PROBLEM STATEMENT: Only the lines from the top of the listing below to the line that has "Left most of" should be echoed, with both ends kept and pictures left out.

EXERCISE DATA:
################
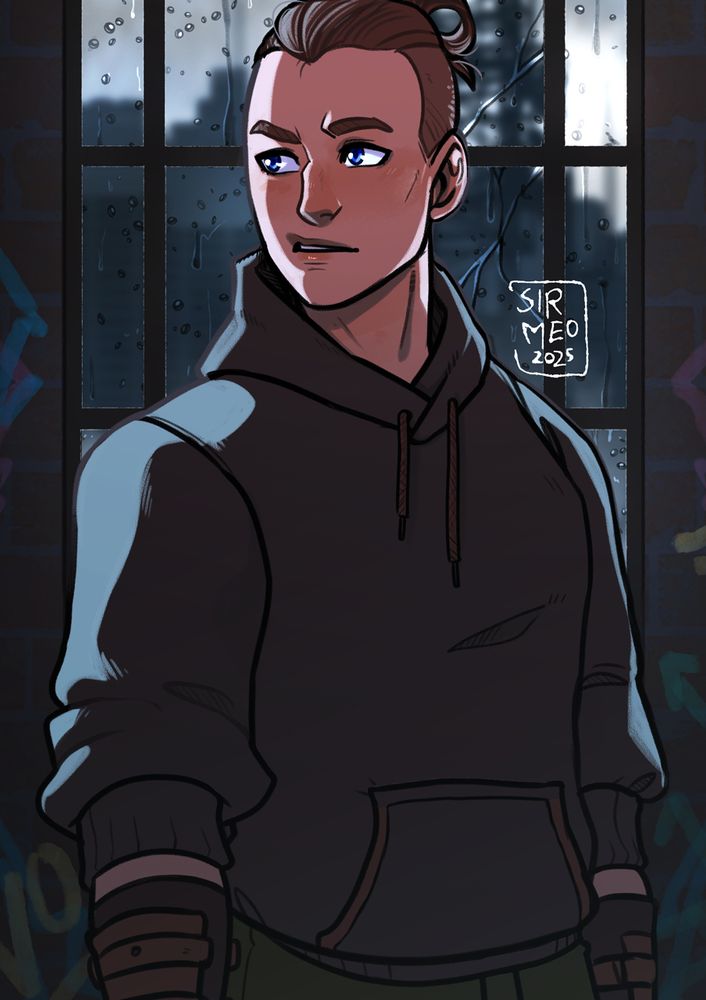 Digital artwork of a serious woman in a hoodie standing on front of a window. 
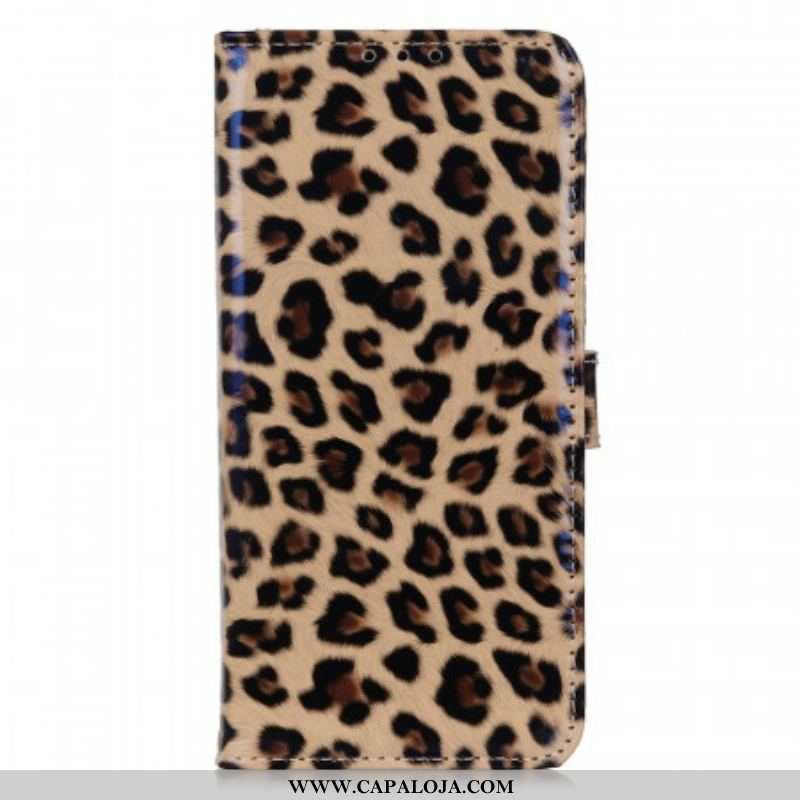 Capa Folio Para Samsung Galaxy M23 5G Efeito Pele De Leopardo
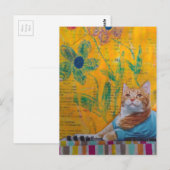 A Cool Ginger Kitty Mixed Media Collage Postkarte (Vorne/Hinten)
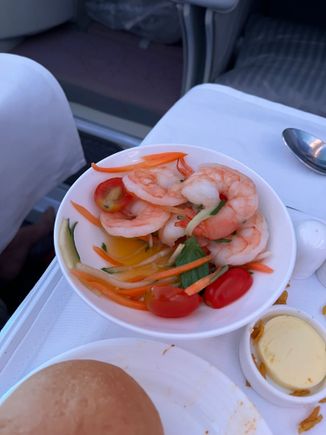 Left most of this.   Nothing at all like the Thai dish it was supposed to be.   Tasteless prawns in a cold salad. 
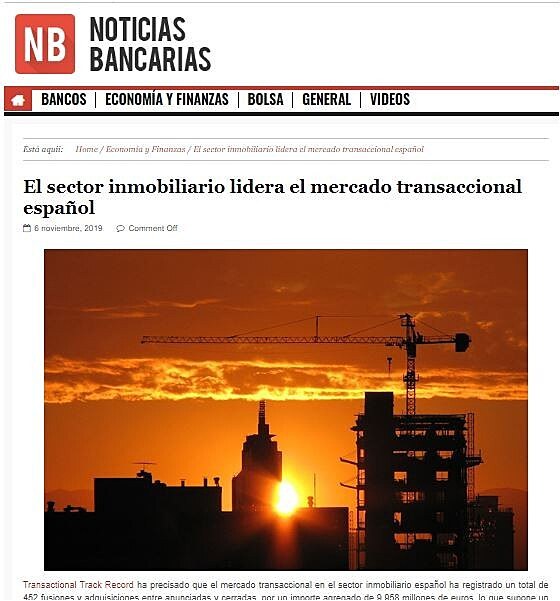 El sector inmobiliario lidera el mercado transaccional espaol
################
REPLY TO THE TASK:
 Digital artwork of a serious woman in a hoodie standing on front of a window. 
 Capa Folio Para Samsung Galaxy M23 5G Efeito Pele De Leopardo
 A Cool Ginger Kitty Mixed Media Collage Postkarte (Vorne/Hinten)
 Left most of this.   Nothing at all like the Thai dish it was supposed to be.   Tasteless prawns in a cold salad. 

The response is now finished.